* [ENTRIES SUPPLIED]
══════════════════════════════
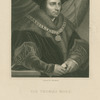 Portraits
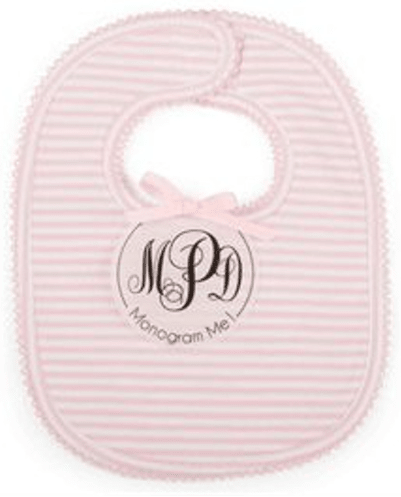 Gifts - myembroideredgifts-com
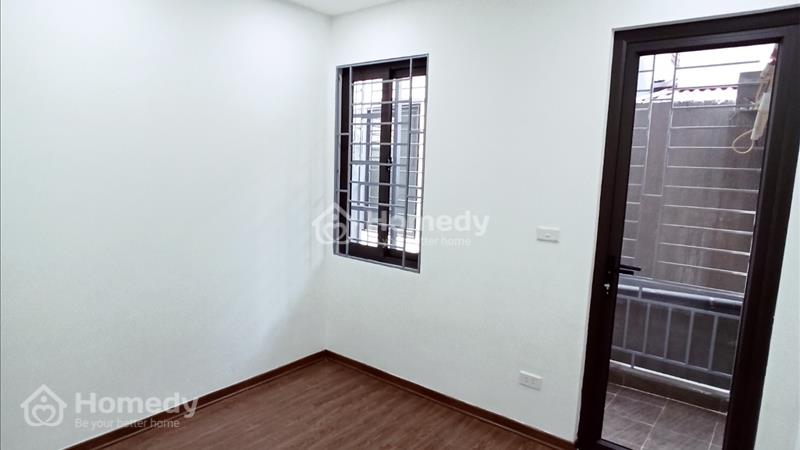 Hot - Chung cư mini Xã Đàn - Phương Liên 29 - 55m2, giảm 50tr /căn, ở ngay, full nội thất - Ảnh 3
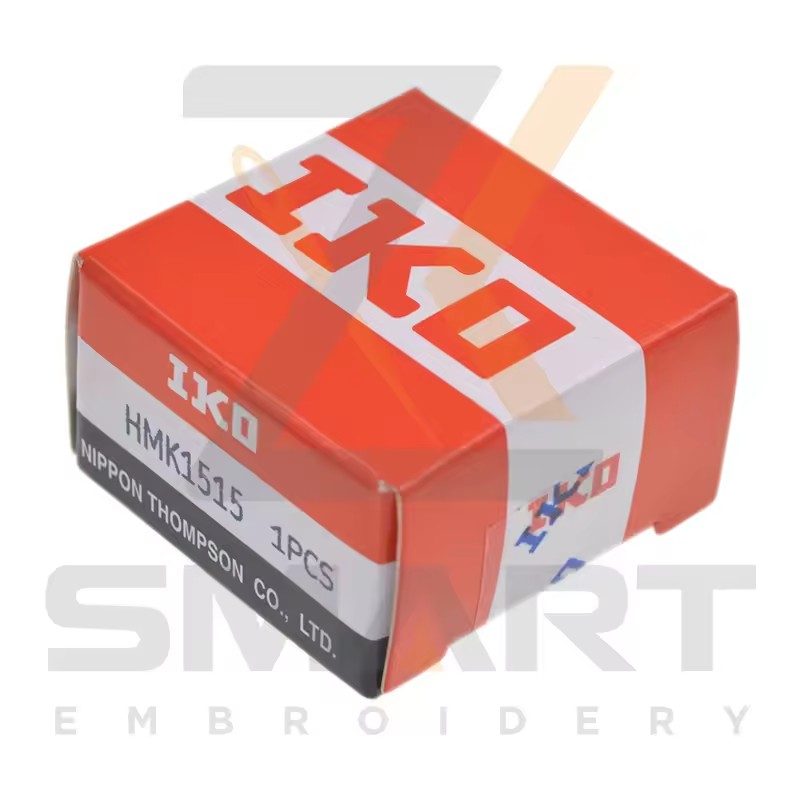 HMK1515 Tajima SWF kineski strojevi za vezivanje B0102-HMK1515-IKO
══════════════════════════════
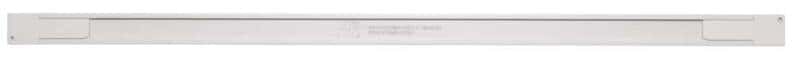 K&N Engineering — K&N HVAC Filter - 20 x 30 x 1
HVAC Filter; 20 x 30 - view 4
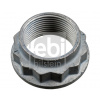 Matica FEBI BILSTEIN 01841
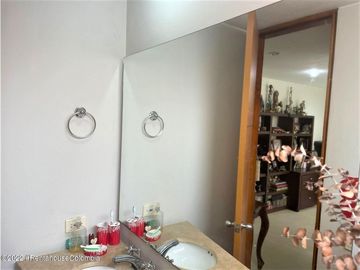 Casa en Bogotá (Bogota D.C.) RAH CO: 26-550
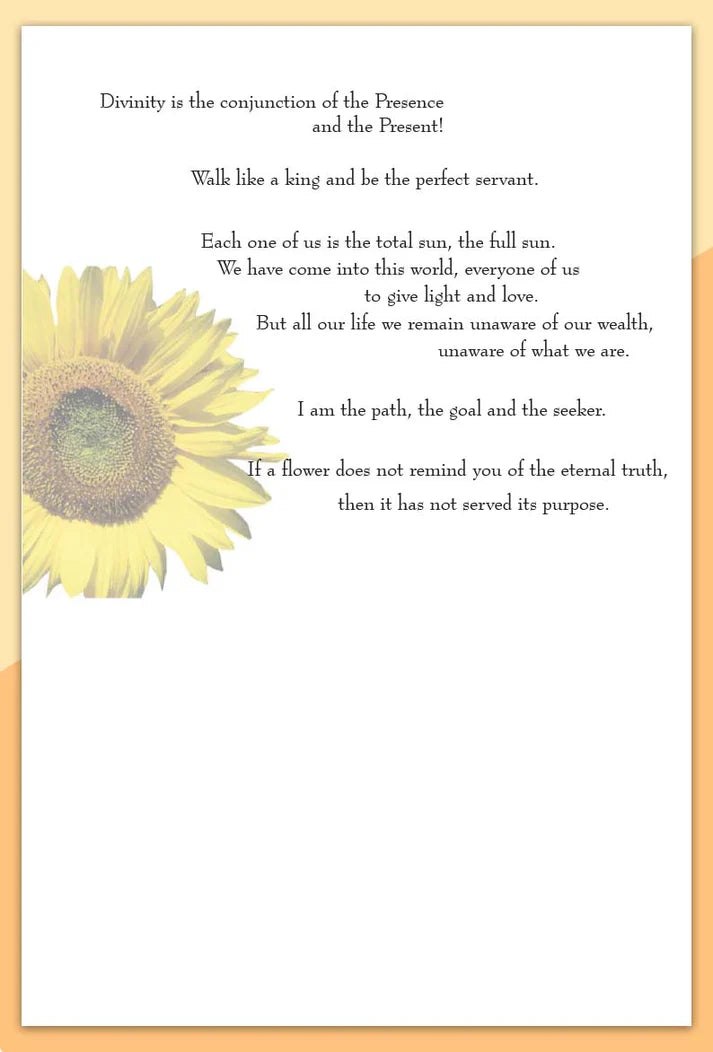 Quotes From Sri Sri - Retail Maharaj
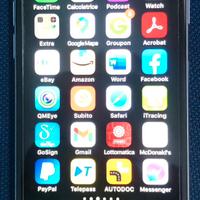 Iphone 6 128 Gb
══════════════════════════════
* [INSTRUCTIONS FOR THE TASK] Whatever pictures the records hold, omit them; give again exactly the lines from the one containing "K&N Engineering —" through the one containing "Iphone 6 128 Gb".

* [EXERCISE OUTPUT]
 K&N Engineering — K&N HVAC Filter - 20 x 30 x 1
HVAC Filter; 20 x 30 - view 4
 Matica FEBI BILSTEIN 01841
 Casa en Bogotá (Bogota D.C.) RAH CO: 26-550
 Quotes From Sri Sri - Retail Maharaj
 Iphone 6 128 Gb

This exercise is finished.